Personalities who have shaped the history of Sri Lanka in recent years.

Chandrika Kumaratunga
President for two terms, first in 1994 and again in 1999, she had to give way to her prime minister, Mahinda Rajapakse, who, as head of the Sri Lanka Freedom Party, won elections last year. Kumaratunga, whose father 'SW' was the country's most celebrated president and mother Sirimavo, one of the world's first women presidents, pursued a dual strategy to tackle the Tiger insurgency - defeating them militarily while offering constitutional guarantees of autonomy to the Tamils.

Vellupillai Prabhakaran
As the elusive but ruthless leader of the Liberation Tigers of Tamil Eelam, he has fashioned a highly disciplined and gritty army from the ranks of the intellectual and agrarian Tamils.
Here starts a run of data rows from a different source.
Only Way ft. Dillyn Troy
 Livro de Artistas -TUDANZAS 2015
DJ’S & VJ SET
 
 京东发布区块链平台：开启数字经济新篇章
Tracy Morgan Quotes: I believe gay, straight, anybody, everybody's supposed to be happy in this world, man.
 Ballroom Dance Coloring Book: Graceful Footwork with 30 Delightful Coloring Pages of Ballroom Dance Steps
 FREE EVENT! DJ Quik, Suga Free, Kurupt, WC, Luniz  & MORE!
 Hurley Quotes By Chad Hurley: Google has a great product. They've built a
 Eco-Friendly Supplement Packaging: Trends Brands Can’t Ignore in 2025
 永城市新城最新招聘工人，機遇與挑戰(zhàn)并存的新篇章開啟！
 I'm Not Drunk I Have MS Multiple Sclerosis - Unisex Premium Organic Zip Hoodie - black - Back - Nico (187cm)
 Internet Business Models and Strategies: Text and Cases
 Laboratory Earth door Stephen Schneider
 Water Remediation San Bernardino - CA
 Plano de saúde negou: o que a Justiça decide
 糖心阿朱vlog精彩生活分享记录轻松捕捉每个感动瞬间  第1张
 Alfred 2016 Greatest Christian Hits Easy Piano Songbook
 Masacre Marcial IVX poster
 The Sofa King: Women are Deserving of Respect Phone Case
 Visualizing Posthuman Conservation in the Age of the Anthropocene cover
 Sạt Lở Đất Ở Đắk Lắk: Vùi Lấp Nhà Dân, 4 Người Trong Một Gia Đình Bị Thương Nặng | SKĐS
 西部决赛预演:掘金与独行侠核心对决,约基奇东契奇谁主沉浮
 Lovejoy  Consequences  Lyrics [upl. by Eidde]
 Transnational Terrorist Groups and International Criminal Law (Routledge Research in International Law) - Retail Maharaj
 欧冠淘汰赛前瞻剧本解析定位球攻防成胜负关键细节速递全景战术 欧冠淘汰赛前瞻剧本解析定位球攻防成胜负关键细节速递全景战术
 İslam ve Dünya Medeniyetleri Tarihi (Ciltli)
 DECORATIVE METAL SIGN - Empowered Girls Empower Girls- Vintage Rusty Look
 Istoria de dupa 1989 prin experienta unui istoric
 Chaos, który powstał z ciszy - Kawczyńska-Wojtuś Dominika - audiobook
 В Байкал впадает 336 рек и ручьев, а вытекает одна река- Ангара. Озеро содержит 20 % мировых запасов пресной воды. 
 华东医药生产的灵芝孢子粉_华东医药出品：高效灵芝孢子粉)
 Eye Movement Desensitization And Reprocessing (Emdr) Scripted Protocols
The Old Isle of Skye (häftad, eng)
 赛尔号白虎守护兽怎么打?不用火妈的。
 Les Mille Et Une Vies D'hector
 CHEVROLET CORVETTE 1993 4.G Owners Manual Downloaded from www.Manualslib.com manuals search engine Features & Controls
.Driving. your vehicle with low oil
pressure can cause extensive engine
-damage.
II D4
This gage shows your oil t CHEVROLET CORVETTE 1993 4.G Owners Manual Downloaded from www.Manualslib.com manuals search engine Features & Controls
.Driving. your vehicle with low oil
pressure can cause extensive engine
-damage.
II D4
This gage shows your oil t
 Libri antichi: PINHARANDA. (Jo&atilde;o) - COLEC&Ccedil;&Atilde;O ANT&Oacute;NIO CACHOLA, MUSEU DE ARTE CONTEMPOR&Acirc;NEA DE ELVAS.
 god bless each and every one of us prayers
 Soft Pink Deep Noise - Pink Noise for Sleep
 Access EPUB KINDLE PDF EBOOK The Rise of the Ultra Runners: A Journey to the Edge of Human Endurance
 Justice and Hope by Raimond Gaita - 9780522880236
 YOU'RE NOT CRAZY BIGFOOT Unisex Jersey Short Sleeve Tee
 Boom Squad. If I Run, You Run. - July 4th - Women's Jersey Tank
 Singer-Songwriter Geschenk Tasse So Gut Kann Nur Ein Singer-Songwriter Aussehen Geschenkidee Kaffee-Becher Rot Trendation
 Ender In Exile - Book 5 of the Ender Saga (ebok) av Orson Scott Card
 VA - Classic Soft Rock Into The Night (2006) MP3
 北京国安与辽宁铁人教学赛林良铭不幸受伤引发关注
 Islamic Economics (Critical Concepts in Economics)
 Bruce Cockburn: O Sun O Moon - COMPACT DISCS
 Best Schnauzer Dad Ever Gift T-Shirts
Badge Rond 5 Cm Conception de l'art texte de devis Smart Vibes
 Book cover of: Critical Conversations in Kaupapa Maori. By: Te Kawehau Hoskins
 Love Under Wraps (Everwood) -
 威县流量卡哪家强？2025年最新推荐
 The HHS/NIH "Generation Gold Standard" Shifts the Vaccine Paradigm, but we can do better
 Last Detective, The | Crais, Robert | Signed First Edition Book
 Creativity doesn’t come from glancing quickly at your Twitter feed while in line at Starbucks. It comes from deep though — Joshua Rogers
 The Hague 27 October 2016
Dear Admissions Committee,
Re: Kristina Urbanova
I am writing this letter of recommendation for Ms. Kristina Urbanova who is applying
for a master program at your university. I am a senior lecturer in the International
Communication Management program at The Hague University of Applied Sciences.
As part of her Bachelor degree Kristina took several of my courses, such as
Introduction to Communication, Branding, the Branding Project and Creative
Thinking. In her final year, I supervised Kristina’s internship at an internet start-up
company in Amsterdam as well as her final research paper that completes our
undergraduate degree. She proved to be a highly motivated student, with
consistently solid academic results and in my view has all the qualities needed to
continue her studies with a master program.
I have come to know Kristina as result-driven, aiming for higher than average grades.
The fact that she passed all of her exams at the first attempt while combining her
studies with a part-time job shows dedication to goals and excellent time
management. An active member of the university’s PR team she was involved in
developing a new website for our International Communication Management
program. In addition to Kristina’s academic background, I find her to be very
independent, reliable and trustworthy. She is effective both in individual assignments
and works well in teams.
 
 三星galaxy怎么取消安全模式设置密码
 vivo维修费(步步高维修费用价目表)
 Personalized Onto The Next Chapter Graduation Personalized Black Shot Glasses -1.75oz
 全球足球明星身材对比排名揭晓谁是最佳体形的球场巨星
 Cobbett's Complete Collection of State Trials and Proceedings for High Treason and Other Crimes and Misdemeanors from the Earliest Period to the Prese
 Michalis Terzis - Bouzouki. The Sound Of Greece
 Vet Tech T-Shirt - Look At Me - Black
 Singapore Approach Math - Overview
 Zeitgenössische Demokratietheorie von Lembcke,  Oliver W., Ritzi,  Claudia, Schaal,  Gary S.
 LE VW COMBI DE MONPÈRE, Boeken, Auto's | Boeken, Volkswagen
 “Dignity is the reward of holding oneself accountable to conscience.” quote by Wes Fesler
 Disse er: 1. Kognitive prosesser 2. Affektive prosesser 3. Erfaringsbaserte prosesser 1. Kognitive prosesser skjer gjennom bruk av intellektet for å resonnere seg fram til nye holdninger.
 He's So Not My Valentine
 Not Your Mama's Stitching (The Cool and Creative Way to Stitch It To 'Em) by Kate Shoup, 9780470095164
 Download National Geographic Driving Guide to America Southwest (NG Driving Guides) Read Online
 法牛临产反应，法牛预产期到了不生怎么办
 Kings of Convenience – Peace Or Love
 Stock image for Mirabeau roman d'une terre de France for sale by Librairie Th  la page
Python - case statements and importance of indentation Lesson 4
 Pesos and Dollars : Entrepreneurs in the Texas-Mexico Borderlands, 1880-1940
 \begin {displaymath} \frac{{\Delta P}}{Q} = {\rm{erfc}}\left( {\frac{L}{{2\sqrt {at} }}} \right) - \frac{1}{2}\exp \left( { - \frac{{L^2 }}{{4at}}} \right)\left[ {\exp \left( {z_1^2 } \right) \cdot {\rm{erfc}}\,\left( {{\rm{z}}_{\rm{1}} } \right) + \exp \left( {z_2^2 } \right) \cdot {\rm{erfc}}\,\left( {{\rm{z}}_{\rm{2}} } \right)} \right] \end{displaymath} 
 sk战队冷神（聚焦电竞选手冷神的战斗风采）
Revered as a freedom fighter by his people, he is seen by the rest of the world as a leader who brooks no opposition. The ban by the international community, which has dubbed the LTTE a terrorist organisation, is a huge blow both to his status and his ability to sustain and arm his guerrilla movement.

Junius Jayawardene
President and prime minister, known as JR, he became the country's first president after amending the constitution. An implacable enemy of the Tigers, he is known to have allowed the Black July pogrom against Tamils in 1983 - the majority of them hapless civilians - that set the stage for the civil war that still rages on the island nation. He also signed the Indo-Sri Lanka peace accord that brought Indian troops into the country and promised devolution of power to Tamils. The accord fell apart after the Tigers rejected it and JR turned on his Indian ally.

Anil Wickremesinghe
The leader of the opposition, Ranil Wickremesinghe, as prime minister, pursued the only successful peace initiative with the Tamil Tigers which resulted in a landmark ceasefire agreement in 2001. Amid intense criticism from President Kumaratunga's party, the ceasefire came into force in 2003 and held until hostilities following the election of SLFP leader President Mahinda Rajapakse.

Mahinda Rajapakse
He will go down in history as the man who became the first non-Bandaranaike to be named president of the SLFP. But as a staunch ultra-nationalist, Rajapakse is also seeking to re-write history in other ways by pushing the Tigers to the wall militarily and whittling down the size of their homeland. Critical of the concessions made by opposition leader Ranil Wickremesinghe, he is backed by the Buddhist clergy, the communist Janata Vimukta Perumana and much of the Sinhalese majority, in his strategy of using overwhelming force against the Tigers while mouthing the mantra of autonomy.